Characterizing the reliability of a technology typically focuses on idealized device degradation regimes, such as bias temperature instability (BTI) and hot-carrier degradation (HCD). Previous studies have characterized the individual degradation modes around their typical worst-case condition within a certain bias space regime. Their interplay within intermediate bias space conditions is often neglected, however, despite its importance in modern complementary metal oxide semiconductor digital circuits. When switching between logic levels, a field-effect transistor experiences a broad range of bias conditions beyond the idealized worst-case bias points.

In order to investigate the degradation characteristics of pMOSFETs in full {V_G, V_D} bias space from a modeling perspective, we have extended the current 4-state nonradiative multi-phonon (NMP) framework towards non-equilibrium transport dynamics.

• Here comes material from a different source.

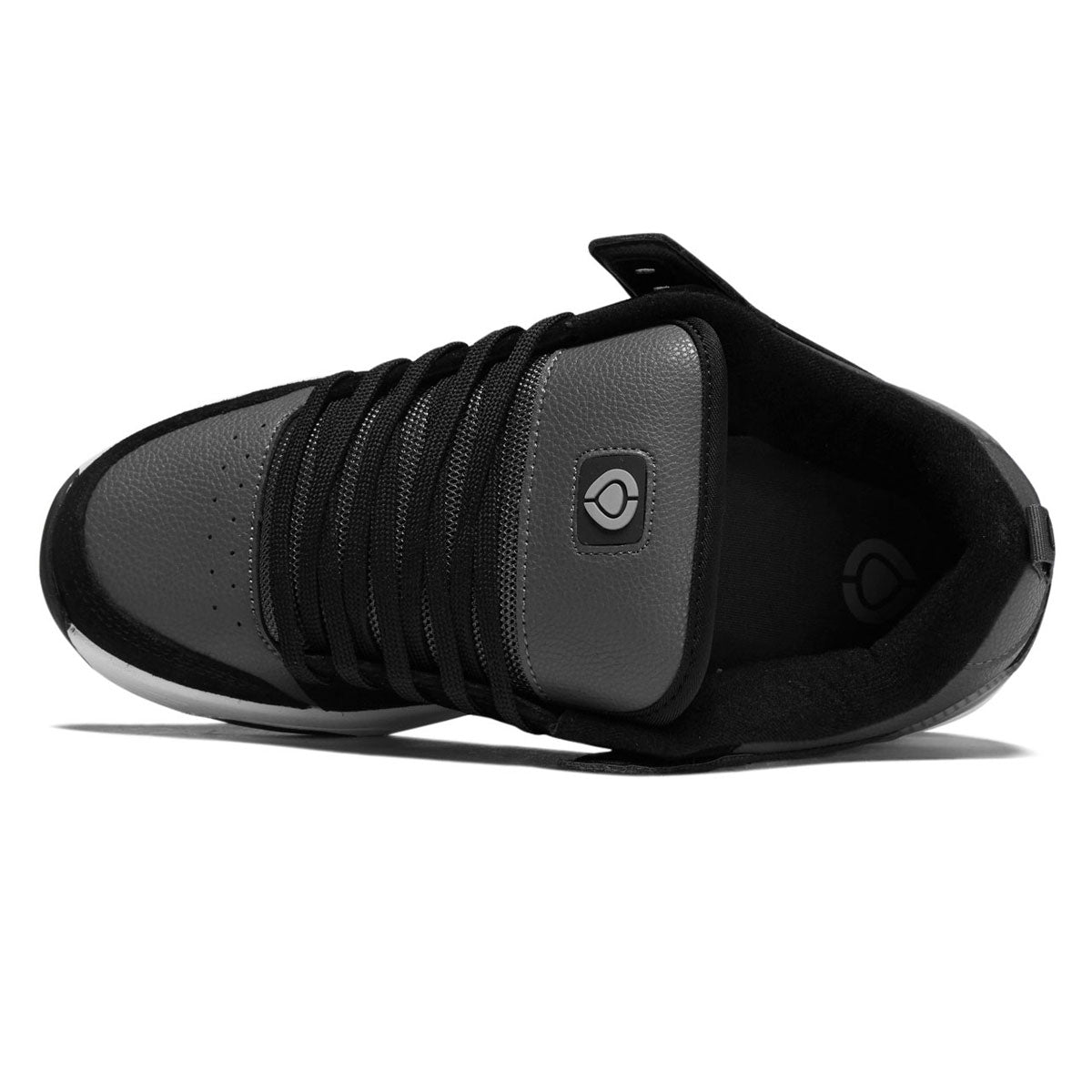 C1rca Tave TT Shoes - Black/Blue/Yellow image 2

By explicitly taking non-equilibrium energy distribution functions into account, the impact of a hot-carrier ensemble, as well as secondary generated carriers, on the charging and discharging dynamics of oxide defects can be investigated. In conjunction with our newly developed HCD model, which describes the creation of interface defects due to the interaction of Si-H bonds with energetic carriers, we are able to capture degradation trends in full bias space. In this regard, the modeling framework for HCD is based on a resonance state, which upon electronic relaxation, excites phonon modes of the Si-H complex and eventually triggers dissociation.

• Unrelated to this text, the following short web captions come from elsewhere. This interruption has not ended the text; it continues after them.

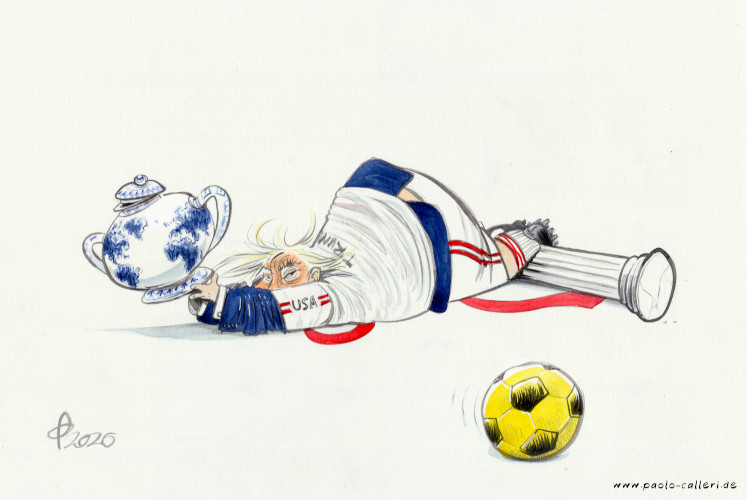 Weltretter � Paolo Calleri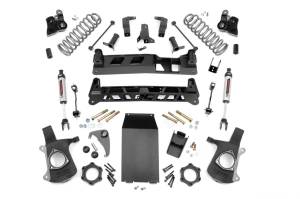 6 Inch Lift Kit V2 NTD 00-06 Chevy/GMC Tahoe/Yukon 2WD/4WD Rough Country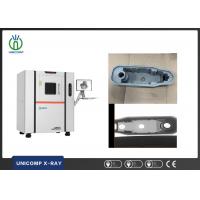 China Unicomp 160KV NDT X-ray Machine for Al casting Crack Porosity Flaw Checking factory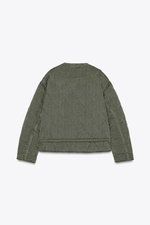 Стеганая куртка — zw collection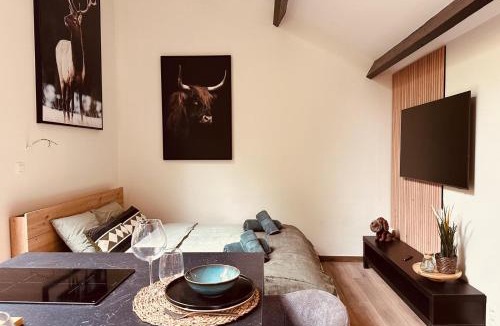 Blaimont Apartment | TINY HOUSE - La cabane de Tom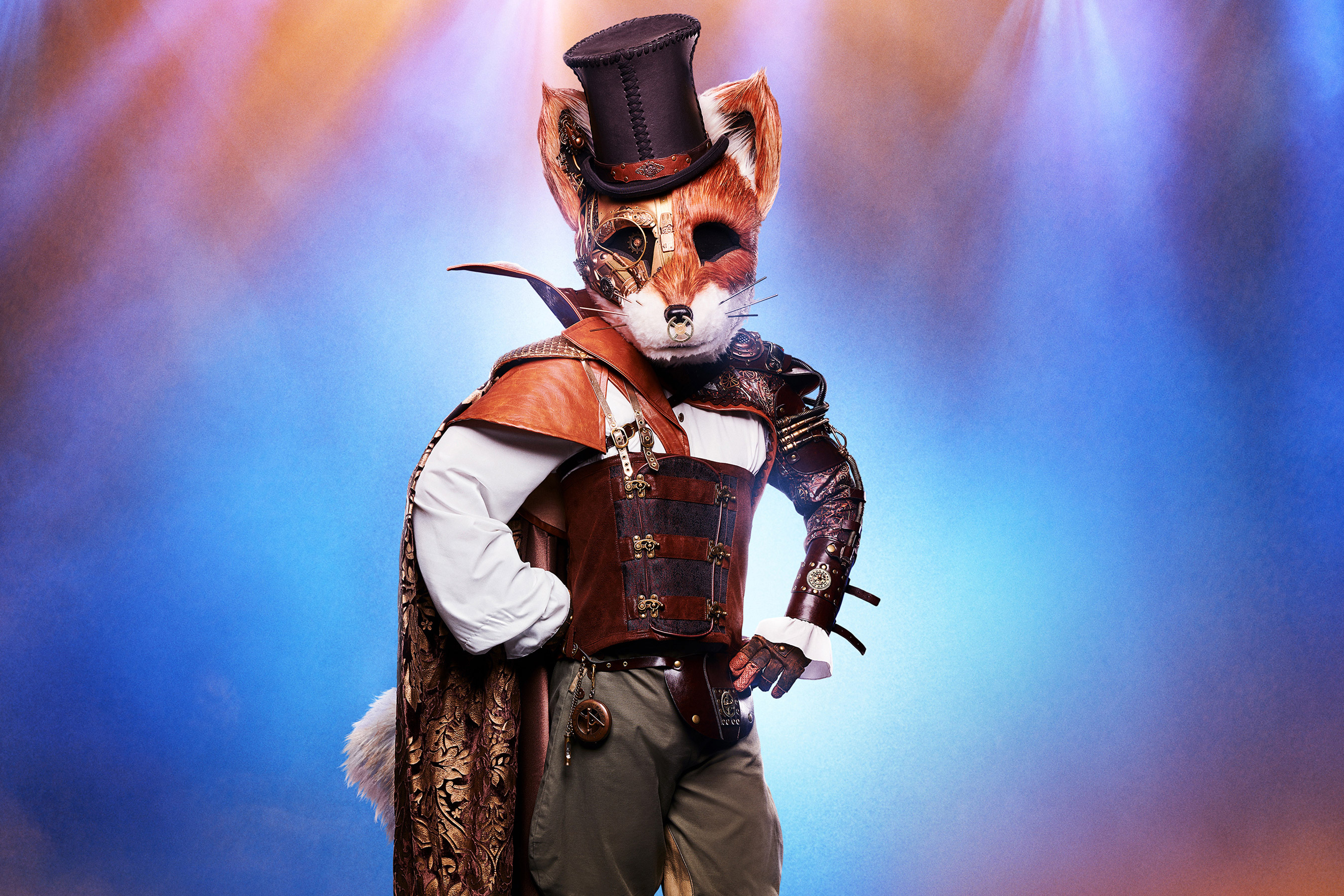 Jamie Foxx Joins Masked Singer as Guest Judge — and a Masked Dancer Spin-Off Is in the Works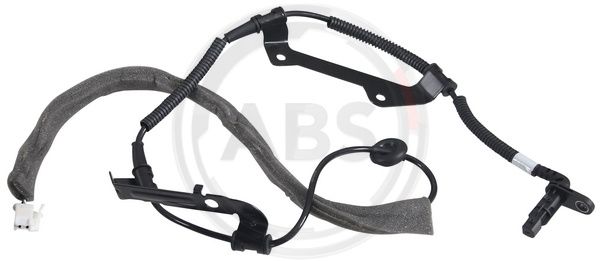 ABS Osjetnik, broj okretaja kotača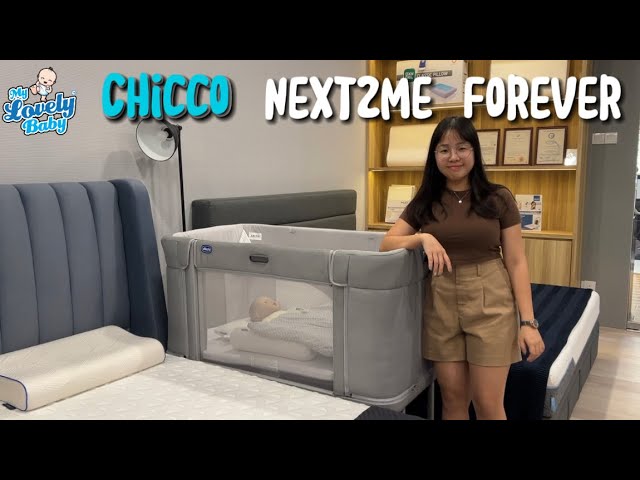 Chicco Next2Me Forever, 0-22kg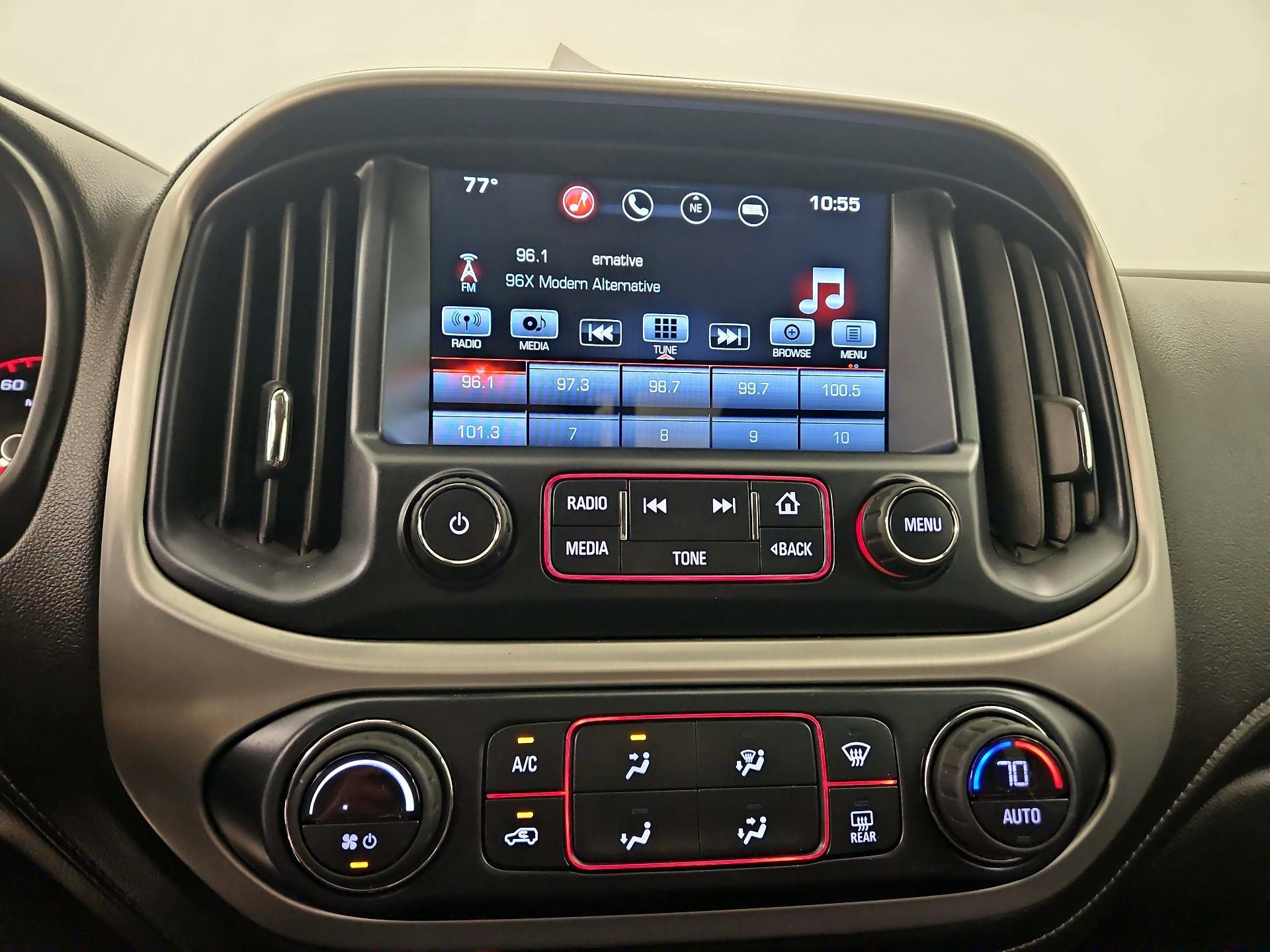 Thumbnail: 2016 GMC Canyon - 15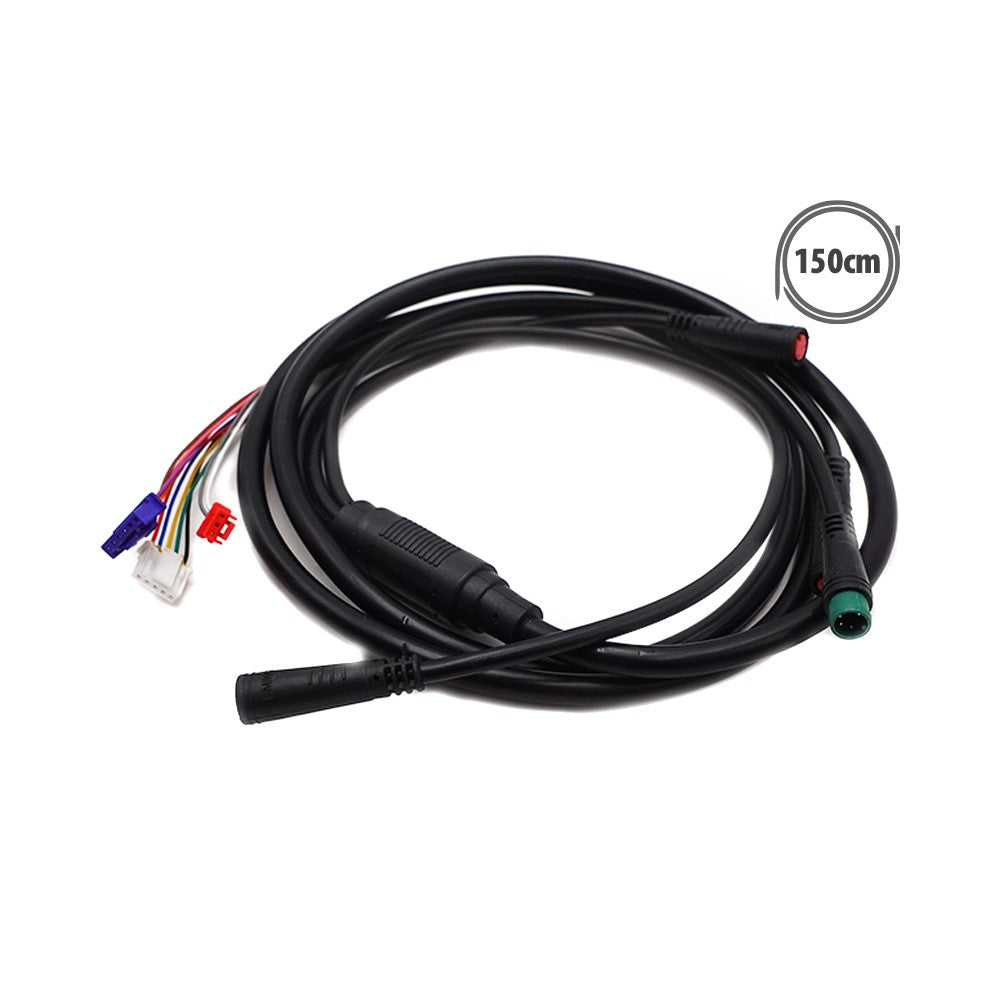 Cable integrado Kukirin M4 Max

The experimental degradation and recovery map over a broad range of V_G and V_D bias conditions is shown in Fig. 1. The measurement data shows a strong degradation in the mixed-mode, as well as in the HCD, bias regimes, with threshold voltage drifts three times higher than for drift in the BTI region. Additionally, the results suggest a transition from HCD to the mixed-mode region, which is very sensitive to the applied gate bias (see for V_D = -2.8 V in Fig. 1). The simulation results for all {V_G, V_D} combinations are shown in Fig. 2. One can see that the degradation map is in very good agreement with the experimentally extracted values, representing the trends towards the HCD and the mixed-mode regime very well. Moreover, specific features, such as the drift minimum between BTI and mixed-mode conditions, as well as the overall worst-case-conditions at V_G = -1.5 V and V_D = -2.8 V, are captured well. Furthermore, the recovery behavior is accurately represented, in particular the strong decrease in recovery with increasing drain bias. Such a comprehensive study clearly shows that degradation and recovery dynamics over a broad range of bias conditions can only be adequately described by explicitly considering non-equilibrium effects and their implications for the kinetics of oxide and interface defects.

Fig. 1: Experimentally extracted degradation (left) and recovery (right) maps in full bias space outside the operation regime. 55 bias points have been measured, indicated by the crosses.

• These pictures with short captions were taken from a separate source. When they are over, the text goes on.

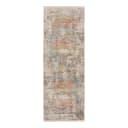 Läufer Auroras Elegance 80 x 300cm Multicolor/Multicolor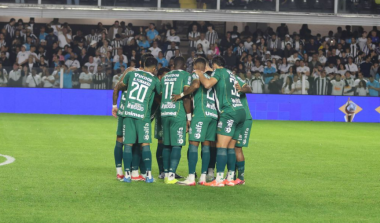 Chapecoense busca empate com o Santos na Vila Belmiro e soma um ponto no Brasileirão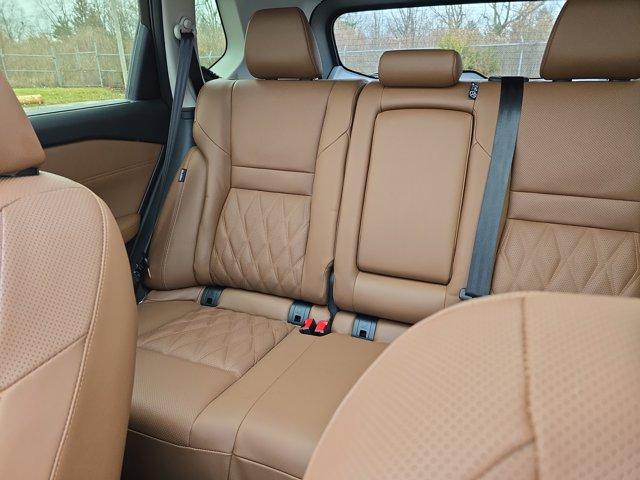 new 2026 Nissan Rogue car, priced at $36,463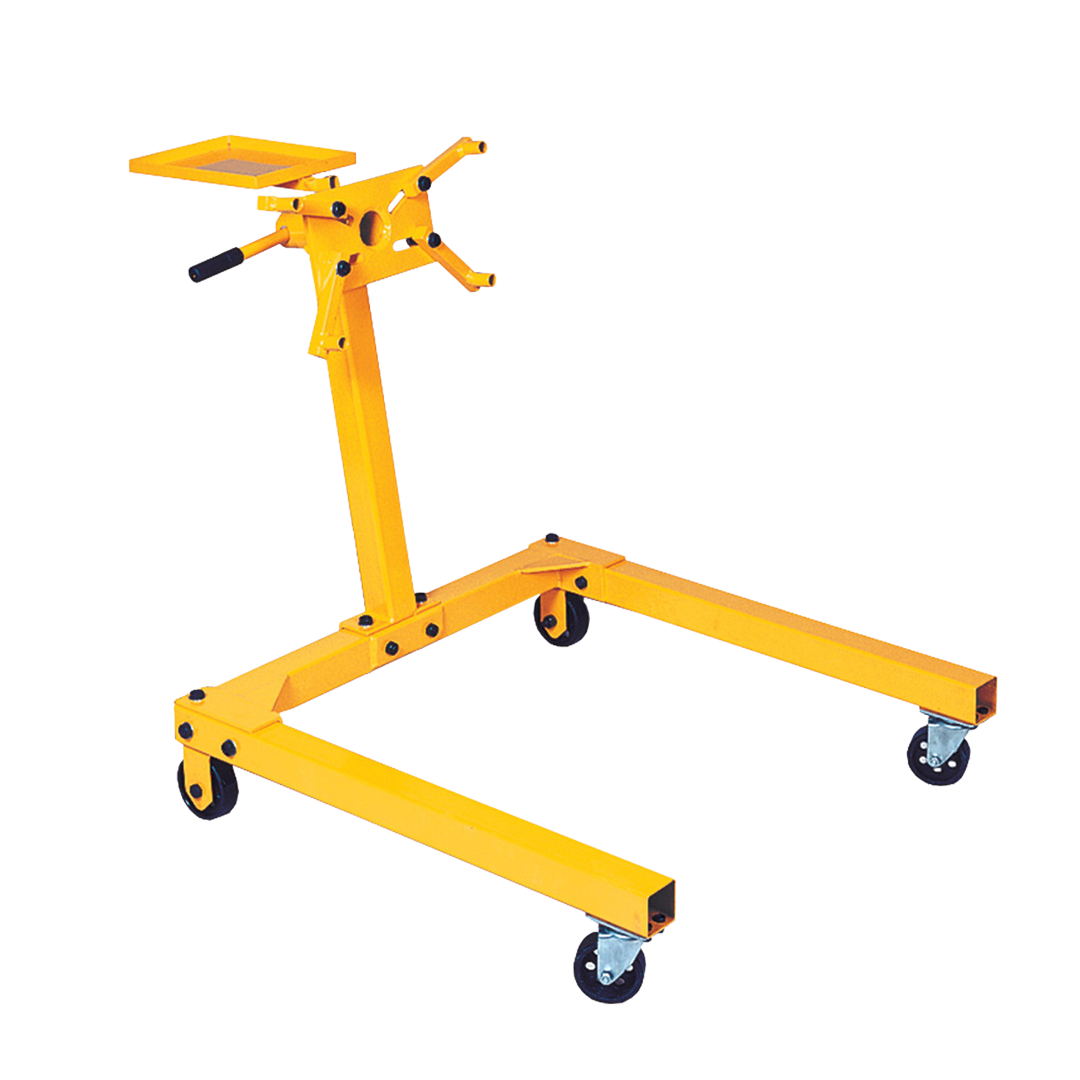 1250 lb. Engine Stand w/Tray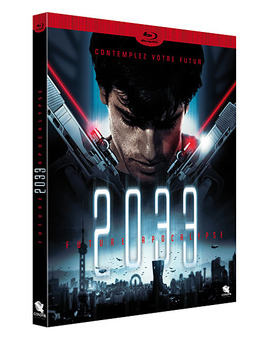 2033 : Future Apocalypse - Blu-Ray (Francia)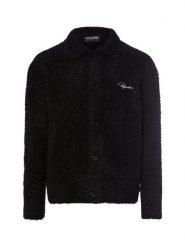 PEGADOR kardigan - Signar Mężczyźni czarny, L. Czarne kardigany męskie PEGADOR, l, bez wzorów, z dzianiny, sportowe, bez kołnierzyka. Za 229.95 zł.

Fig. 2: Simulation results for the bias conditions shown in Fig. 1. The results have been obtained considering the effect of BTI described by oxide defects and the effect of HCD due to the creation of interface states. The general trends, as well as specific features, are captured well by the simulation approach. The maximum degradation is strongly localized in the vicinity of the HCD regime. The damage in the mixed-mode regime is much broader and extends towards the BTI area with a notable drift minimum in between. On the other hand, any significant contribution in the recovery map is only visible for the BTI regime.